Durga Puja starts on Mahalaya, the day after the completion of Pitr Paksh, a 16-day lunar period in the Hindu month of Shraadh when ancestors are worshipped. It is the day that the Mother is said to descend from her abode with Shiva in Kailash to her maternal home on Earth. It is also the day on which the battle between Kali and Mahishasura begins.
There are 51 Shakti Pithas in India and surrounding countries. It is believed that each temple is born out of a part of the Mother when Vishnu cut her body during her immolation as Sati.
Shloka/Prayer + Translation
Devi Mahatmyam, Chapter 4, v.17-20
Eapir hathair Jagathupaithi sukham thadaihe,
Kurvanthu nama narakaya chiraya papam,
Samgrama mruthyu madhigamya divam prayanthu,
Mathwethi noona mahithan vinihamsi devi.
“Mother, you kill your enemies wishing happiness for this world. These asuras are killed so that they do no more sin and so that they will not reach hell, filled with disease.
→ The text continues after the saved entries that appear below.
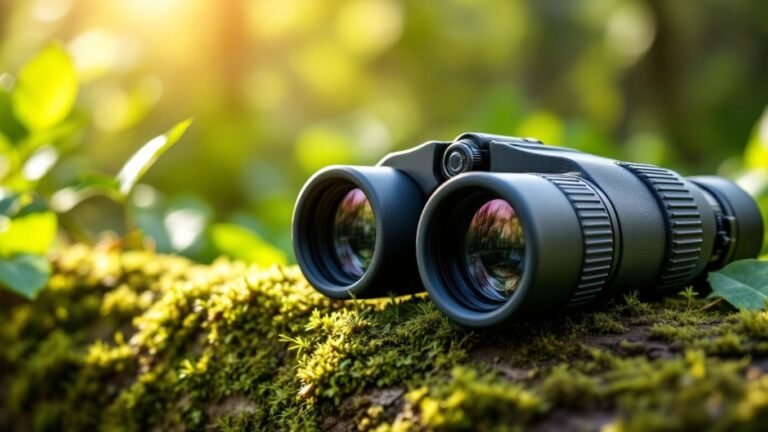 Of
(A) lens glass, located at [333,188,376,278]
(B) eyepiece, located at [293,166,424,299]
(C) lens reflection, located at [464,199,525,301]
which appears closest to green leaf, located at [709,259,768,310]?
(C) lens reflection, located at [464,199,525,301]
Killed by you, they will travel towards heaven.”
Dushtaiva kim bhavathi prakarothi bhasma,
Sarvasuranareeshu yal prahinoshi sasthram,
Lokaan prayanthu ripavo api hi sasthra puthra,
Itham mathir bhavathi theshwa hithesu swadhi.
“Mother, your very sight turns all asuras to ashes. You only send your weapons at them to purify them and with the intention that even your enemies should reach heaven.”
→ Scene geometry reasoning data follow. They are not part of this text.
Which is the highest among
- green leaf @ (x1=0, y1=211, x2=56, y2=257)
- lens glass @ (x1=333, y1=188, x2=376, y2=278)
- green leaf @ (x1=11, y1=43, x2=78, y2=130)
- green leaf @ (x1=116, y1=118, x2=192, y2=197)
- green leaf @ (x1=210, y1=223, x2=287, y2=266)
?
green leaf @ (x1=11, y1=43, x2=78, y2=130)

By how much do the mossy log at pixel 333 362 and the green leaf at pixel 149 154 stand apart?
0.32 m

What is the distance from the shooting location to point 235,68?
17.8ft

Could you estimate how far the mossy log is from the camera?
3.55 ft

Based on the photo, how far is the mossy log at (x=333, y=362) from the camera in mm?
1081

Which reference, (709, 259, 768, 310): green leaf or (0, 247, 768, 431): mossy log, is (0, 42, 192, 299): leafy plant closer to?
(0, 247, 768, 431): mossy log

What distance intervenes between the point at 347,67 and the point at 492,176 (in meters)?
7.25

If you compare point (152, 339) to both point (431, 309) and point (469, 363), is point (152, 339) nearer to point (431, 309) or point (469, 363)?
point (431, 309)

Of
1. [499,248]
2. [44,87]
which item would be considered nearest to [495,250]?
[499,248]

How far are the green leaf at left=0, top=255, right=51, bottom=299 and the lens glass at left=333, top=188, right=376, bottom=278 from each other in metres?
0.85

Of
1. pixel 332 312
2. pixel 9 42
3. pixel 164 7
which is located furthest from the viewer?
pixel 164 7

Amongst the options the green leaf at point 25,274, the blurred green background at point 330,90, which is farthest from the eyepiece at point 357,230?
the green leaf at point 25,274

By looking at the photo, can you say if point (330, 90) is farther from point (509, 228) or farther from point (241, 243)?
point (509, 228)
Gadga prabha nikara vishuranai sthodhagrai,
Soolagra kanthi nivahena druso asuranam,
Yannagatha vilayamamsuma dindhu ganda,
Yogyananam thava vilokayatham thdethath.
“The asuras stare at your face adorned with the cool crescent moon, the glitter of your shining swords and your spear.”
Dur vrutha vrutha samanam thava devi seelam,
Roopam thadiva thadha vicinthya mathulya manyai,
Veeryam cha hanthya hrutha deva parakramanam,
Vairishwapi prakatithaiva dhaya twayetham.
“Mother, your pristine character brings to an end the bad characteristics of baser instincts. Your beautiful being cannot be imagined by ordinary minds. Your valor kills all asuras, showing mercy even to your enemies.”